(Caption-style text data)
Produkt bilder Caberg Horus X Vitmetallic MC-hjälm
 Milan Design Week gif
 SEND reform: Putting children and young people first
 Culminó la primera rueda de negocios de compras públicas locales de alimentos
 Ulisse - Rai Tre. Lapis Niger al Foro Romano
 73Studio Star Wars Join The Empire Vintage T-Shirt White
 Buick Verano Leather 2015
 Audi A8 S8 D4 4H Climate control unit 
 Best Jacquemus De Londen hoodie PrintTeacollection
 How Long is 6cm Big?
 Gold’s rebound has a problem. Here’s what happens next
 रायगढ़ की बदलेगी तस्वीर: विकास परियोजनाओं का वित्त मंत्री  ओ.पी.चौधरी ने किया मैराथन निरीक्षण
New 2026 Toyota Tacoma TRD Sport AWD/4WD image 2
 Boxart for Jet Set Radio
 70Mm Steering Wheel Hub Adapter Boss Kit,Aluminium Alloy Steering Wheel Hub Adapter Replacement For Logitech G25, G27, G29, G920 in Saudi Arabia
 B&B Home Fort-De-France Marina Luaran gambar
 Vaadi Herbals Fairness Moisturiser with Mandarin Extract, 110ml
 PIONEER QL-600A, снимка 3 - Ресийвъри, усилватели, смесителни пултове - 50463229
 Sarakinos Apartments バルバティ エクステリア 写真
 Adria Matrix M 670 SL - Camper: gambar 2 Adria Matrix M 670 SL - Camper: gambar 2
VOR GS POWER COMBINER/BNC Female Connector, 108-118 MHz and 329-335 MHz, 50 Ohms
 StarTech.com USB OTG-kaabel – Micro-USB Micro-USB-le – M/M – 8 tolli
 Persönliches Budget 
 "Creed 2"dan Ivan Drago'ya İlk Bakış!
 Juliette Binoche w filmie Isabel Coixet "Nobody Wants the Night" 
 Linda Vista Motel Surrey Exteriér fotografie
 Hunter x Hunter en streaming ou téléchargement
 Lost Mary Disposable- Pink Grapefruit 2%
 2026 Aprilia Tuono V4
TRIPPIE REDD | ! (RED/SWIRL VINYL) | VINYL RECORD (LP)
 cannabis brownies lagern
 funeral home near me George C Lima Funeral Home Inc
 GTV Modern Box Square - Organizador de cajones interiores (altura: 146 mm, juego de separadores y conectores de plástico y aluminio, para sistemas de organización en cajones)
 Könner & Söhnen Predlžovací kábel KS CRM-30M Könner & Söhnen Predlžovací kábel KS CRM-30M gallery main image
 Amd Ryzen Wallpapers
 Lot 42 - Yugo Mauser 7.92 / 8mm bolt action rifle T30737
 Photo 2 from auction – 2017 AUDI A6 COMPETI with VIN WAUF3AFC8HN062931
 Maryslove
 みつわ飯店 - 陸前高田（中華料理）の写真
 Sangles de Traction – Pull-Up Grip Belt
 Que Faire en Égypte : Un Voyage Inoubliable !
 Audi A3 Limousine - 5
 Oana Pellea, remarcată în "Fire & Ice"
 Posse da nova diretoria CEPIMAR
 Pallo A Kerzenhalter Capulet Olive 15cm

» **ACTIVITY**: Keep only the lines from the one containing "Lot 42 - Yugo" to the end of the entries, and repeat them exactly.

» **FINISHED EXERCISE**:
 Lot 42 - Yugo Mauser 7.92 / 8mm bolt action rifle T30737
 Photo 2 from auction – 2017 AUDI A6 COMPETI with VIN WAUF3AFC8HN062931
 Maryslove
 みつわ飯店 - 陸前高田（中華料理）の写真
 Sangles de Traction – Pull-Up Grip Belt
 Que Faire en Égypte : Un Voyage Inoubliable !
 Audi A3 Limousine - 5
 Oana Pellea, remarcată în "Fire & Ice"
 Posse da nova diretoria CEPIMAR
 Pallo A Kerzenhalter Capulet Olive 15cm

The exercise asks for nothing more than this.